- Born: 1813/1815 Koblenz, Prussia
- Died: 30 December 1870 New York City
- Occupations: Composer, musical director

= Karl Anschütz =

American classical composer (1813/1815–1870)

Karl Anschütz (1813/1815 Koblenz, Kingdom of Prussia - 30 December 1870 New York City) was a Kingdom of Prussia-born musical director and composer who founded the German Opera in New York City. He was the son of Josef Andreas Anschütz and the brother of Hermann Anschütz.

==Biography==
Anschütz's father Joseph Andreas Anschütz was an eminent musician and was in charge of a school for vocal and instrumental instruction.
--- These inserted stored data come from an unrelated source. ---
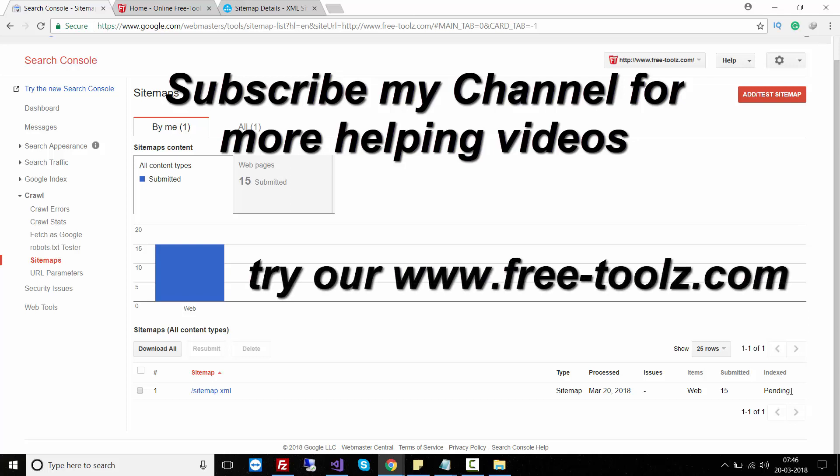I hope you enjoyed this video. Thank you for watching. Don't forget to subscribe to our channel. Bye!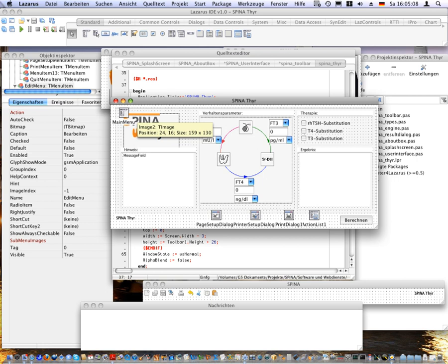As FreePascal supports cross-compiling, Lazarus applications can be cross-compiled from Windows to Linux, Mac OS, and vice versa. Applications for embedded devices, smartphones, PDAs, routers, and game consoles can be cross-compiled from any desktop platform.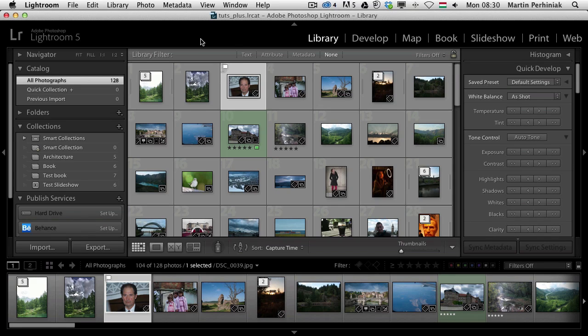Using collections can save you a lot of time, but in Lightroom the only way we could put images into collections was to drag and drop them into a collection. Apart from the quick collection, because there it was much faster, by using the keyboard shortcut B.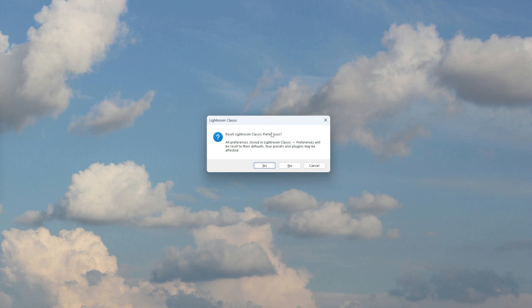By following these steps, you should be able to fix Lightroom import issues and get back to editing your photos.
His early musical studies were made under his father, and in 1837 he was sent to study under Friedrich Schneider, of Dessau, whose daughter he married. His brother was the painter Hermann Anschütz.
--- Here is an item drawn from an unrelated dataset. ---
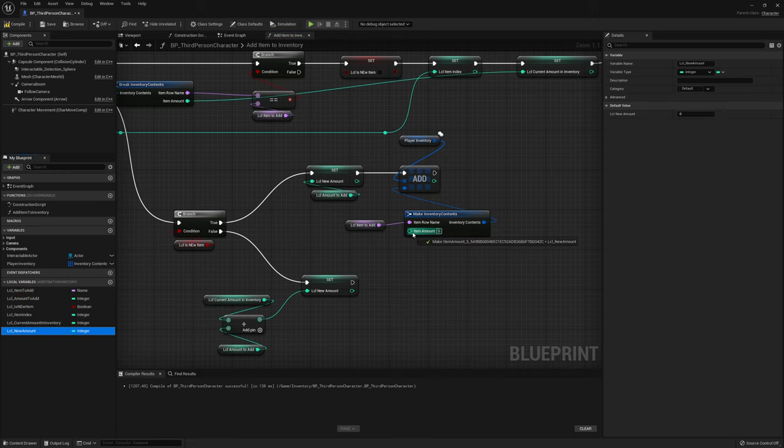The fix: in the Third Person Game Mode inside Add Saved Pickup Actor, the Set Array Element node was missing Size to Fit. Enable it so the array expands when needed. Testing again: pick up two orbs, drop two, close and reopen — the dropped pickups are now there. The pickup save and load is working.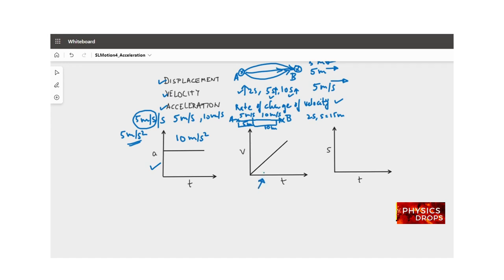When acceleration is uniform, let's look at the velocity-time graph. Starting from 0, after 1 second velocity is 10 meters per second, after 2 seconds it is 20, after 3 seconds it is 30 meters per second. So with uniform acceleration, the velocity-time plot is an inclined straight line with a constant slope.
He then returned to Koblenz, where he became conductor of the royal musical institution and of the orchestra at the theatre, with the title of royal musical director. In 1848 he led the orchestra at Nuremberg, and in 1849 was conductor of the German opera at Amsterdam. During the same year, he went to London with a German opera troupe, and subsequently he became leader of the orchestra at Drury Lane Theatre. He conducted in 1849 and 1850 the Wednesday Concerts in Exeter Hall; at this venue he gave Beethoven's ninth symphony with an orchestra of 250 musicians and a chorus of 500 singers. He also conducted the Italian opera at Dublin, Edinburgh, Glasgow, and elsewhere in Great Britain.

In 1857 he came to the United States with Bernard Ullman's Italian opera troupe, which he conducted until 1860. From 1860 to 1862, he was conductor for the Arion Society. In 1862, he founded the German opera in New York, and was active in the establishment of the New York Conservatory of Music. In 1869 he served as musical director of the New York section of the mass choruses at the Baltimore singing festival. He was also a composer of some ability, and wrote out for brass instruments the nine symphonies of Beethoven, of which two were performed.